I referenced 1999 because that’s when my team started building Princeton Review’s first online courses. By 2007, companies offered up to 10 different books to prepare for a given test, online courses available at prices from free to $1000, shorter live courses at your school as relatively inexpensive as $200 up to retail courses for $1500, one-on-one tutoring for $400 an hour or more, and even prep on mobile devices such as a cell phone! Whew, long sentence.
On the other hand, if you go back only another 20 years to the late 70s, the only test prep available were crap courses usually taught by the most boring, crotchety librarian you can imagine—from some company called Stanley Kaplan. More on that another time!
Anyway, in 2010, the diversification continues: type in your favorite (ha) standardized test in the iTunes search box if you don’t believe me. There are even tutors who charge 25 THOUSAND DOLLARS (don’t worry, I’m not recommending that).
This is all wrong, right? Why did it happen? It’s pretty simple. People obviously will pay for test prep now that much of it actually helps. Test prep was well, boring and meaningless to most through the 1970s. Then Princeton Review came around, so they get most of the credit for initiating the expansion: Founder John Katzman and colleagues pretty quickly took leadership of the SAT prep market by offering cool, interesting teachers and strategy that worked (unlike Kaplan’s at that time). Kaplan eventually got it together, but not before Princeton Review was a strong number 2 in all the graduate and professional markets as well.
From there, test prep exploded once folks started offering these programs that actually respected the customer (and therefore worked). Furthermore, people also have different preferences, schedules, learning styles, budgets, etc. So, technology—and that good old American entrepreneurial spirit—drove the test prep explosion further.
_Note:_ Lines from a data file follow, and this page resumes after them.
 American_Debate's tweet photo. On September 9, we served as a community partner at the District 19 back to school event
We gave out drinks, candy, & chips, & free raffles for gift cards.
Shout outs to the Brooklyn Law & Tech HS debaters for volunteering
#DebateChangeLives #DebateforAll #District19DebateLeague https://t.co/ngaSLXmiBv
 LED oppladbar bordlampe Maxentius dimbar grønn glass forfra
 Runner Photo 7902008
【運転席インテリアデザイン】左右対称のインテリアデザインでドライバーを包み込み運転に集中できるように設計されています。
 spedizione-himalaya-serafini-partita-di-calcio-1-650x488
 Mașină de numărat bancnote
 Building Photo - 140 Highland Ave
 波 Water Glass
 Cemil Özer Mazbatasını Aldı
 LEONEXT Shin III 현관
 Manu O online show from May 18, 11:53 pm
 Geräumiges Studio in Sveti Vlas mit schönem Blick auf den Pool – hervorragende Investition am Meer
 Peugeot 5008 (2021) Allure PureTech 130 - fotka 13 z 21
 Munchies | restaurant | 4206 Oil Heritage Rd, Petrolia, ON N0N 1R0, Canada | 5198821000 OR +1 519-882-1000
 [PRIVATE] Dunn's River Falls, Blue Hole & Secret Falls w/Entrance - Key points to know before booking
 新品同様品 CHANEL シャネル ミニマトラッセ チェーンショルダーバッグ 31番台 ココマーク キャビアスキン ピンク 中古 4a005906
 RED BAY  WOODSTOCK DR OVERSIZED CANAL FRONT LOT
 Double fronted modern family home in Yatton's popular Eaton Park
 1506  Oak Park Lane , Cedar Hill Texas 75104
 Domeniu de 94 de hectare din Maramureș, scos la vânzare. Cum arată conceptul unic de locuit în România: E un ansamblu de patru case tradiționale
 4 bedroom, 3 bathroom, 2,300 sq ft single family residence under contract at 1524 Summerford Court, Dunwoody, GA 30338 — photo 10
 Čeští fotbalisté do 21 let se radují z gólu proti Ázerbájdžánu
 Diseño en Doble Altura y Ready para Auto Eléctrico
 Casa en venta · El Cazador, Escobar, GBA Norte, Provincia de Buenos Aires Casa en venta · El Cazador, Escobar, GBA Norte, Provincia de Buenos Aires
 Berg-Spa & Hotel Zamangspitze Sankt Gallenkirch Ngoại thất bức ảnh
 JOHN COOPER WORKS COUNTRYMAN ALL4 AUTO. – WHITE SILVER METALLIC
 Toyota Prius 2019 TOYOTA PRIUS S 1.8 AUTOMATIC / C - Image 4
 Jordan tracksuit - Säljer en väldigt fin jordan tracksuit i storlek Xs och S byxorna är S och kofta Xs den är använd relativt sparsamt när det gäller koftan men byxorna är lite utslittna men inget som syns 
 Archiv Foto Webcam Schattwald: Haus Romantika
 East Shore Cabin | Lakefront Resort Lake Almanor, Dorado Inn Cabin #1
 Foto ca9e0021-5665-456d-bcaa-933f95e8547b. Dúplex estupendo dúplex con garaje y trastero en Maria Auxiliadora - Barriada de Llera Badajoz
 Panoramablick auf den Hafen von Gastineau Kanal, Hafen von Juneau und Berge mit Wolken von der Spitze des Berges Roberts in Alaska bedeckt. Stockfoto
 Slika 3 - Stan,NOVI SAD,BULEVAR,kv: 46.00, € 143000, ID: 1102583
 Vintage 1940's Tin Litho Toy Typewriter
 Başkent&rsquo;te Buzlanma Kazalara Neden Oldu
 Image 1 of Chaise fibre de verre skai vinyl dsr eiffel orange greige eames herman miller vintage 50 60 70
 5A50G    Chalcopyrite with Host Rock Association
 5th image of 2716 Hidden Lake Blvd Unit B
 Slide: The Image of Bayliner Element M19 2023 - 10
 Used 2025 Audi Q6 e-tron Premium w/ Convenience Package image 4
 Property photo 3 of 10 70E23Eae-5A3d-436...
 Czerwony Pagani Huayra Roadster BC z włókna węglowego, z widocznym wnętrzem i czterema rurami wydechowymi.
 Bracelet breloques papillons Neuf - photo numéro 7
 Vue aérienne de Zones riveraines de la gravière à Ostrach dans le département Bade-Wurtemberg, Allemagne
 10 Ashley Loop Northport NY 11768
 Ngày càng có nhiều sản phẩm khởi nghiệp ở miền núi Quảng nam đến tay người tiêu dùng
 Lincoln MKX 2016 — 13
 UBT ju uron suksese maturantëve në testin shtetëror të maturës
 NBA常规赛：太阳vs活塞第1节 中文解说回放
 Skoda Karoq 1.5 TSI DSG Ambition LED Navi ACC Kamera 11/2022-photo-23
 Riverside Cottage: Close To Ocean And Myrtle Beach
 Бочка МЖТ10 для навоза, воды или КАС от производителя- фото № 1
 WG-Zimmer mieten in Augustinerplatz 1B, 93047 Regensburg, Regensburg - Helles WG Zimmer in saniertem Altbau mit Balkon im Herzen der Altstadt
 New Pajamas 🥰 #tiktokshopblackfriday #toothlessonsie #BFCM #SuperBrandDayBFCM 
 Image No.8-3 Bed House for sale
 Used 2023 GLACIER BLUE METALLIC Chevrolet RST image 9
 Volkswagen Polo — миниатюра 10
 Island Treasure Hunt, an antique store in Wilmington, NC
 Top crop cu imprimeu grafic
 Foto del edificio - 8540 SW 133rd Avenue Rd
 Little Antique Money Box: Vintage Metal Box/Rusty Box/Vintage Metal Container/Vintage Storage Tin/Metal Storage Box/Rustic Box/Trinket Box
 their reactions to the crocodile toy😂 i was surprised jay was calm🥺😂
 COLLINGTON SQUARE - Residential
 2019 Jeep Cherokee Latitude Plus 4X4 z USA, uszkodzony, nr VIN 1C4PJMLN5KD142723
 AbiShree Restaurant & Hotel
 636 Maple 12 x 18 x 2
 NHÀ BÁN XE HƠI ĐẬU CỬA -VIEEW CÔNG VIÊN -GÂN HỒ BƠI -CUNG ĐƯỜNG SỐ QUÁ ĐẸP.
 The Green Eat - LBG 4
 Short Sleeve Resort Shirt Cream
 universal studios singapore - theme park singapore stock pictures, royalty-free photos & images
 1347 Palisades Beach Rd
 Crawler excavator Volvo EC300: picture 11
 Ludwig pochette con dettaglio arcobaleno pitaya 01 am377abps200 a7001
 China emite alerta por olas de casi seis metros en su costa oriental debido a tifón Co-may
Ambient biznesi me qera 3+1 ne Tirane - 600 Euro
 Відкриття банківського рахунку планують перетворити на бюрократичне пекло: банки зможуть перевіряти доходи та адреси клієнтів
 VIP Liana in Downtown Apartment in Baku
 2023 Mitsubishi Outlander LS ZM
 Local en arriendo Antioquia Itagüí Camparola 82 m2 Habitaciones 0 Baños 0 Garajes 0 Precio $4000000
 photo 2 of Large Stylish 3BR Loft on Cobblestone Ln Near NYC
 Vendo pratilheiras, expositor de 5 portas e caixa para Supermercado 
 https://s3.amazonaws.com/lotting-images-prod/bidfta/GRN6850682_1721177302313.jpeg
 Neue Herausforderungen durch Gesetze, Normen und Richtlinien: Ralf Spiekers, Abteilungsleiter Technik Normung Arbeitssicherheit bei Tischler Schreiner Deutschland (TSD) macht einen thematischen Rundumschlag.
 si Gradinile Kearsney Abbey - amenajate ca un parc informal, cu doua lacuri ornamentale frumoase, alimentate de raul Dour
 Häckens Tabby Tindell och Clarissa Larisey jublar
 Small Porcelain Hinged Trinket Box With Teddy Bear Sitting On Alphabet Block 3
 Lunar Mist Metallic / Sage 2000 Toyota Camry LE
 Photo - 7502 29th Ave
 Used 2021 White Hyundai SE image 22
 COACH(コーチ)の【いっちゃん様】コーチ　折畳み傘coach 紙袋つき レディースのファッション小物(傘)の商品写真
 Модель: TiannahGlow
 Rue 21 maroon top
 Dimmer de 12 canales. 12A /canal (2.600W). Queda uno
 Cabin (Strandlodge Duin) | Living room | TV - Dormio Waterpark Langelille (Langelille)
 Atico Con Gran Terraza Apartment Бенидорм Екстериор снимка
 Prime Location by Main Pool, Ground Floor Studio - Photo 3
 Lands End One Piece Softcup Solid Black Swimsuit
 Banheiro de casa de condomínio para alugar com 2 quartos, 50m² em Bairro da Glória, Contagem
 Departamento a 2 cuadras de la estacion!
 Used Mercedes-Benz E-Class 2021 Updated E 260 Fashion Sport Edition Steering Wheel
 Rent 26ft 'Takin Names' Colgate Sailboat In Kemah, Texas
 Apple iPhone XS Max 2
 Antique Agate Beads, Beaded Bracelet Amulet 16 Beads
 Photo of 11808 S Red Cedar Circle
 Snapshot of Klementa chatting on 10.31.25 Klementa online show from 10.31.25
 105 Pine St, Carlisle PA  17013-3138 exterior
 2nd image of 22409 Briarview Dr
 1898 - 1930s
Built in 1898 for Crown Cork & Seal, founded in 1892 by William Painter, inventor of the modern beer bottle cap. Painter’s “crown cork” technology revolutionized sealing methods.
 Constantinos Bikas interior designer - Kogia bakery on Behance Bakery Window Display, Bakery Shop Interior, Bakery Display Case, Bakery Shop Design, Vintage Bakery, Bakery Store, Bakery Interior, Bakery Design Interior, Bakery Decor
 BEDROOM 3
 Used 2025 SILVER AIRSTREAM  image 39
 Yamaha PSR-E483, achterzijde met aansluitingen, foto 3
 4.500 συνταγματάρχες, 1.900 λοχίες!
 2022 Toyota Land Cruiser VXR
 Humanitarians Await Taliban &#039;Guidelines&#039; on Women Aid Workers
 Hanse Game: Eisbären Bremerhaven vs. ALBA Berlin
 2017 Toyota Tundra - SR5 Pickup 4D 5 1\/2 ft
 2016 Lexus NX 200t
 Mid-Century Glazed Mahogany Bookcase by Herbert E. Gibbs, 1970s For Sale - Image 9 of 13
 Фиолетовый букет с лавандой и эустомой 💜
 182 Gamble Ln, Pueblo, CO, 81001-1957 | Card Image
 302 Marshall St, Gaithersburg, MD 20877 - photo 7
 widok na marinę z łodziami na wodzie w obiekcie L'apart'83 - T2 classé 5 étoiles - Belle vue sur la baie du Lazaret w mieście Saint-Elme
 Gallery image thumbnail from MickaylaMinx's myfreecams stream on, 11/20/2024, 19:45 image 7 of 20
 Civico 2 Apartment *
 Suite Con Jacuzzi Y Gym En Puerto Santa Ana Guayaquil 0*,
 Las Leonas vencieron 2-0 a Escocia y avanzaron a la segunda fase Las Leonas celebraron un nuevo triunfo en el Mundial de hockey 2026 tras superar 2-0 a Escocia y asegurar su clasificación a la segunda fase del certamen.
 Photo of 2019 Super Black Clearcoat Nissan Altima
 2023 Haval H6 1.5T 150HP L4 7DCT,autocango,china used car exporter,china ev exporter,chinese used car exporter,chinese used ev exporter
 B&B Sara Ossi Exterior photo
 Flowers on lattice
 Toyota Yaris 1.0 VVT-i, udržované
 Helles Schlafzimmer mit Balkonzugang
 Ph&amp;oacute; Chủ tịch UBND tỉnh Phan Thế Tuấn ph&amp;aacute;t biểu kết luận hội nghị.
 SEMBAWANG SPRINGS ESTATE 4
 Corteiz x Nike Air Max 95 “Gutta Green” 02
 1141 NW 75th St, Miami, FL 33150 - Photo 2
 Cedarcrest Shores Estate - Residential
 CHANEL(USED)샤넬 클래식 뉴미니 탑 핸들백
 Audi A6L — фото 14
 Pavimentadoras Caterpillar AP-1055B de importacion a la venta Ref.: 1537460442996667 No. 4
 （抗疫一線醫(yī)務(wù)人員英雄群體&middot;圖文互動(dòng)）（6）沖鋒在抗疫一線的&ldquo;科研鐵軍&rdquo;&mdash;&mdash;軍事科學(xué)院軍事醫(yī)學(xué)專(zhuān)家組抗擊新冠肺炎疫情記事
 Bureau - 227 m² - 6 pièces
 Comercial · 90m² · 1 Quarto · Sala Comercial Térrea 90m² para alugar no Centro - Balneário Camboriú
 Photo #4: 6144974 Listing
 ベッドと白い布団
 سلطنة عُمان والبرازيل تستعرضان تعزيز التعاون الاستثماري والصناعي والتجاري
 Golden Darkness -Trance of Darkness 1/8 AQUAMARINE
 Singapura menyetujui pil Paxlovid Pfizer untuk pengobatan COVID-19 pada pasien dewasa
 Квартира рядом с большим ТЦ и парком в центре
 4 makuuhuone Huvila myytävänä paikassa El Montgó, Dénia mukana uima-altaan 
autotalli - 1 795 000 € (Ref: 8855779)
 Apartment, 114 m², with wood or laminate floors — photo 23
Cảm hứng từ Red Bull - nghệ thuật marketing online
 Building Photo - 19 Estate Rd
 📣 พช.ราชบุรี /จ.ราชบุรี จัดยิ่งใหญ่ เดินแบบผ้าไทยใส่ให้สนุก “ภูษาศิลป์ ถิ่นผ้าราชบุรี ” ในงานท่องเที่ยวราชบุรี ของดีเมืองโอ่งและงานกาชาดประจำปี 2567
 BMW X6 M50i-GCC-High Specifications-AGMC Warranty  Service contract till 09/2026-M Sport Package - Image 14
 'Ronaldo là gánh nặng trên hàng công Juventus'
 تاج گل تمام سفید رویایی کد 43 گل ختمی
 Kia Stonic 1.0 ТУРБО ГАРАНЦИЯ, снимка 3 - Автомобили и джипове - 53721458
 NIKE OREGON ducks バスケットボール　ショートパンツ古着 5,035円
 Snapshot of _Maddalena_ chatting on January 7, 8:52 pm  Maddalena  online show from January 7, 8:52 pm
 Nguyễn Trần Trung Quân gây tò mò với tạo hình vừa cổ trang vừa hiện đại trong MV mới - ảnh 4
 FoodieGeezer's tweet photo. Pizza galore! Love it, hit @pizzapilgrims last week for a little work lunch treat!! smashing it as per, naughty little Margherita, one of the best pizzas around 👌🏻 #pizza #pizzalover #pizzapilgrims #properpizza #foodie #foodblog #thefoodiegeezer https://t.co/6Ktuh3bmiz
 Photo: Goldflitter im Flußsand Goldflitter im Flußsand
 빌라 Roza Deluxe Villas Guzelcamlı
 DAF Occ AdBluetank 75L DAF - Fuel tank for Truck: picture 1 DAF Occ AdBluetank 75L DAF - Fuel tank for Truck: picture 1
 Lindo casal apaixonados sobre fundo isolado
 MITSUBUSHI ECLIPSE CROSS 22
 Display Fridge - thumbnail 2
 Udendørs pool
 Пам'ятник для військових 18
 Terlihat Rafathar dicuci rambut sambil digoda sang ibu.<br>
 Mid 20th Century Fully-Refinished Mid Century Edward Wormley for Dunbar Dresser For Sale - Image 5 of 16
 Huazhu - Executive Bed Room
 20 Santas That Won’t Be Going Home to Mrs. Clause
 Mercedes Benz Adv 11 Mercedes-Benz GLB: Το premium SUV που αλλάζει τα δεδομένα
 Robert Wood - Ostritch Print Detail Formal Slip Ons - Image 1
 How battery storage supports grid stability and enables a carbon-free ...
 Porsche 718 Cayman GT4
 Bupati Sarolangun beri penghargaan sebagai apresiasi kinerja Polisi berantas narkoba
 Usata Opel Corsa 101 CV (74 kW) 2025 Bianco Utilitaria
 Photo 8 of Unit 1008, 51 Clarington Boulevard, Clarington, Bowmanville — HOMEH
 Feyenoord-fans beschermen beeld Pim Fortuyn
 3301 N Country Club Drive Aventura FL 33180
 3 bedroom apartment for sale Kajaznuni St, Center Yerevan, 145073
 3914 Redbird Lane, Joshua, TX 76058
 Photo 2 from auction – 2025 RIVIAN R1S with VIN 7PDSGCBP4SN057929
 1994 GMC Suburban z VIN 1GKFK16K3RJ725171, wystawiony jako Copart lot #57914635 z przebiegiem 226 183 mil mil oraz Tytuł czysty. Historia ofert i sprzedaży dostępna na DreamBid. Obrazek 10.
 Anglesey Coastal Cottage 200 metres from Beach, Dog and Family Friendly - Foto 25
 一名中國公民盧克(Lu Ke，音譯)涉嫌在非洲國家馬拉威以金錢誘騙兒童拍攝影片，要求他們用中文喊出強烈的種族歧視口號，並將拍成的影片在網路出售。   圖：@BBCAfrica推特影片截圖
Some people want to prepare alone, in their underwear, in front of a computer, at midnight—rather than in a classroom with that irritating teacher’s pet in the front row. They buy online courses.
Some people have an hour train ride every day and would love to use that time to prep. They now do that on their mobile devices, which we all prefer to them talking on the phone.
And, as I’ve said elsewhere, these approaches, which are often less expensive, can work for you—if they fit the way you stay motivated and will learn.
Sure, some products are better than others. Some services are driven more by hype than by superior results (another future column). But there are innumerable test prep tools and services out there in a variety of formats at all price points. It’s good news.
As I discuss in other posts, the most important decision you can make is not necessarily which test prep company, but rather what tools and approaches to use. 30 years ago you had one or two choices. Today, well, it’s crazy.